On a side note, what this has to do with Net Neutrality, I can’t figure out.
@rework I agree, I don’t think this is in any way related to net neutrality, and I don’t think it would be fair to expect you to subsidize my HBO any more than CenturyLink (my ISP) is having me subsidize my neighbor’s service by having me pay the same price for 75% less service.
@rework @ruouttaurmind
Because HBO content is the crux of this dispute, it’s not strictly a ‘net neutrality’ issue. However, it is tangentially related in this manner: the content owner is also a service provider, and is ‘withholding’ content to a competing service provider. Net neutrality advocates are concerned (among several other things) that internet content might be similarly blocked/withheld based on the service provider chosen (especially if choices are limited).
@compunaut I remember when the concept of net neutrality was just a sprout. There were two concerns which were basically one street in two directions: Content providers withholding access unless a ransom was paid by the ISPs, or ISPs charging content providers and/or subscribers for access and/or “preferred” access (throttled performance of that subscribed content unless a fee was paid).
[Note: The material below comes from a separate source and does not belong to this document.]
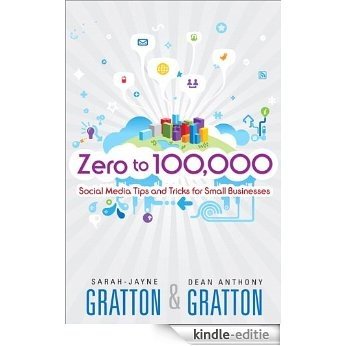 Zero to 100,000: Social Media Tips and Tricks for Small Businesses (Que Biz-Tech) [Kindle-editie]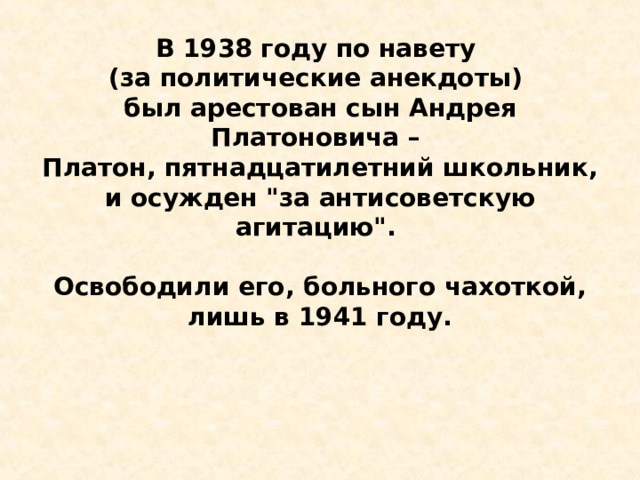 В 1938 году по навету (за политические анекдоты) был арестован сын Андрея Платоновича – Платон, пятнадцатилетний школьник, и осужден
That battle has already been lost with mobile service providers who regularly throttle access to streaming content and offer premium plans which remove the throttles.
@ruouttaurmind Yeah, but throttled performance is really just a speed thing (I think); related mostly to streaming activity. I’m more concerned about blocked/limited/exclusive access to sites or information.
@compunaut @ruouttaurmind Except when someone in control of your internet decides to throttle Netflix and Hulu but grant free passage to Amazon Prime Video. Or to throttle the streaming apps of some TV providers while allowing others full service. Killing off the competition and creating monopolies is one of the big dangers of losing net neutrality.
@compunaut
Like… Amz paying Comcast to throttle, or even eliminate access to Walmart? Or Google paying to have Apple access limited? No, not a real thing. Yet. But theoretically possible without protection of strong net neutrality laws, innit?